:: Record excerpts ::

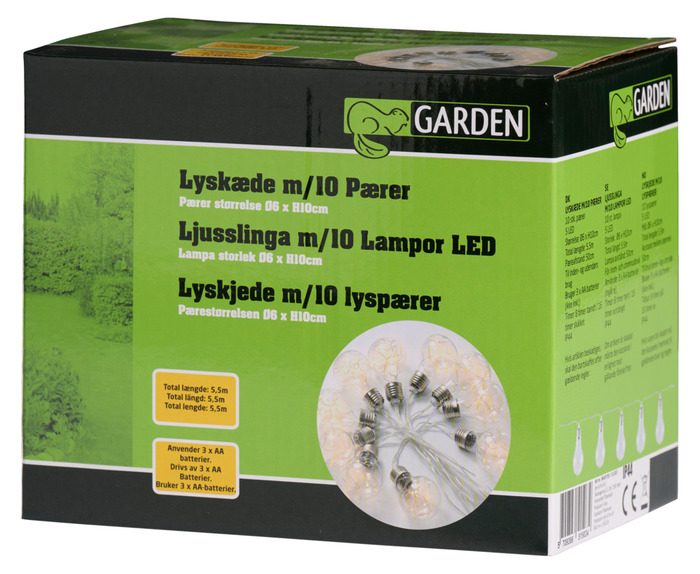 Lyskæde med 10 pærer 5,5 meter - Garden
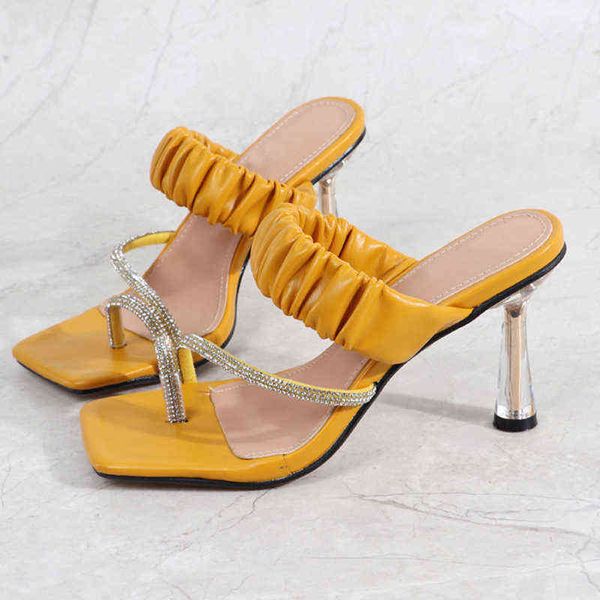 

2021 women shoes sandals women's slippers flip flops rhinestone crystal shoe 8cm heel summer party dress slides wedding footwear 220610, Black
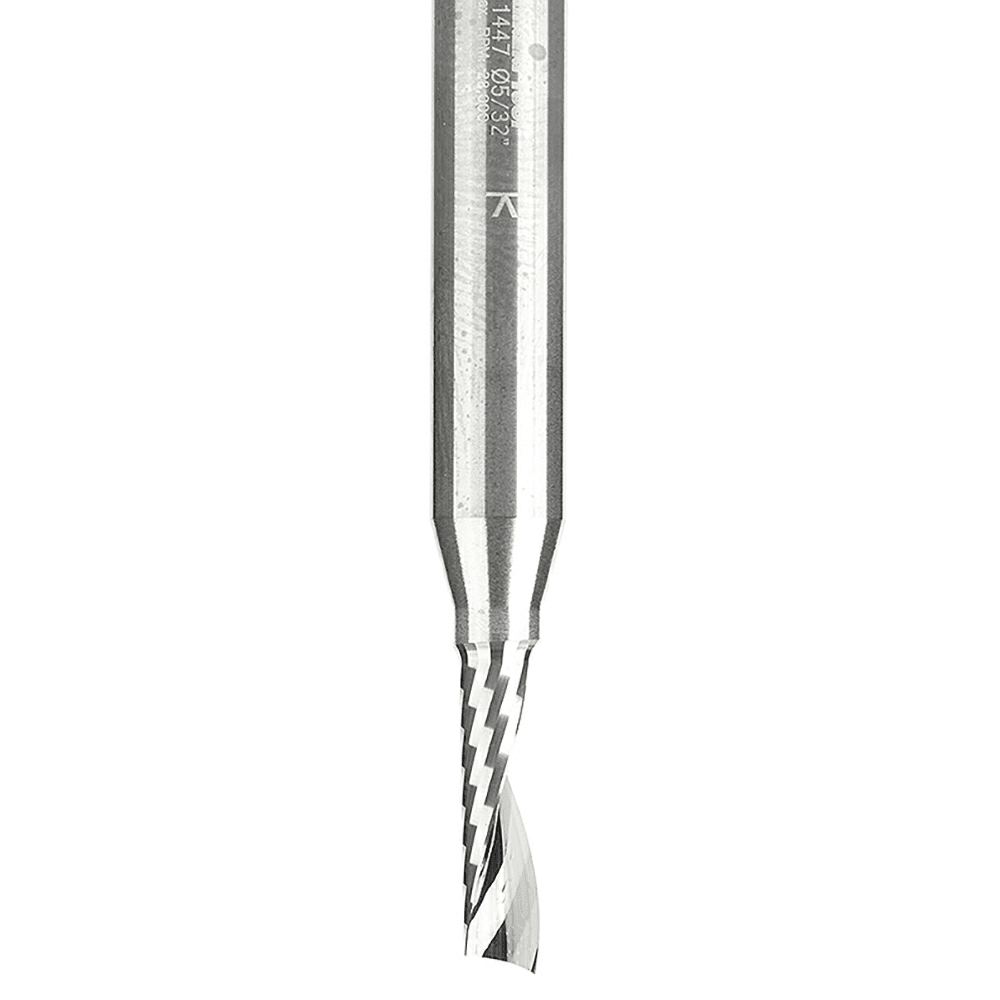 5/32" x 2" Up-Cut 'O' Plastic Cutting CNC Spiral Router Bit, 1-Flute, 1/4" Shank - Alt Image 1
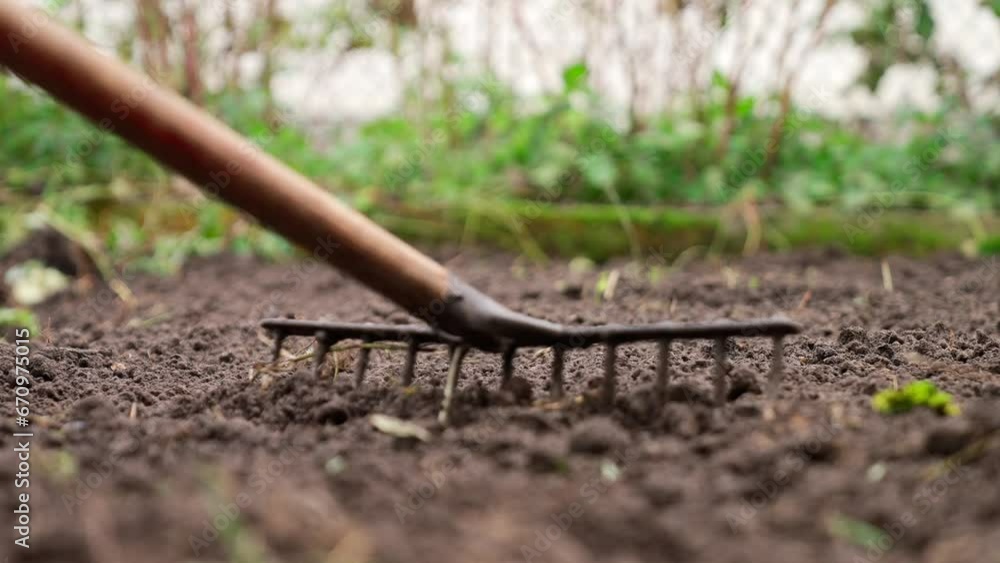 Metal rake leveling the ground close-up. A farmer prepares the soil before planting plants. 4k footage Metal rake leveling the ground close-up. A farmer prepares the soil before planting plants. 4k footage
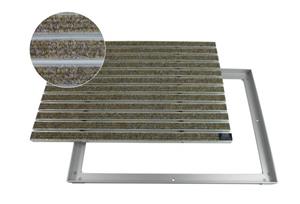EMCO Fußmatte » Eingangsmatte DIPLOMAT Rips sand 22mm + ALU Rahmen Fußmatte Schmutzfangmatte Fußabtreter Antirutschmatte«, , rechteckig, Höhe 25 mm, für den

:::

Instructions to follow
The images in the entries above should be left out; please reproduce exactly the lines from the first through the one containing "4k footage Metal".

Solution below
 Lyskæde med 10 pærer 5,5 meter - Garden

2021 women shoes sandals women's slippers flip flops rhinestone crystal shoe 8cm heel summer party dress slides wedding footwear 220610, Black
 5/32" x 2" Up-Cut 'O' Plastic Cutting CNC Spiral Router Bit, 1-Flute, 1/4" Shank - Alt Image 1
 Metal rake leveling the ground close-up. A farmer prepares the soil before planting plants. 4k footage Metal rake leveling the ground close-up. A farmer prepares the soil before planting plants. 4k footage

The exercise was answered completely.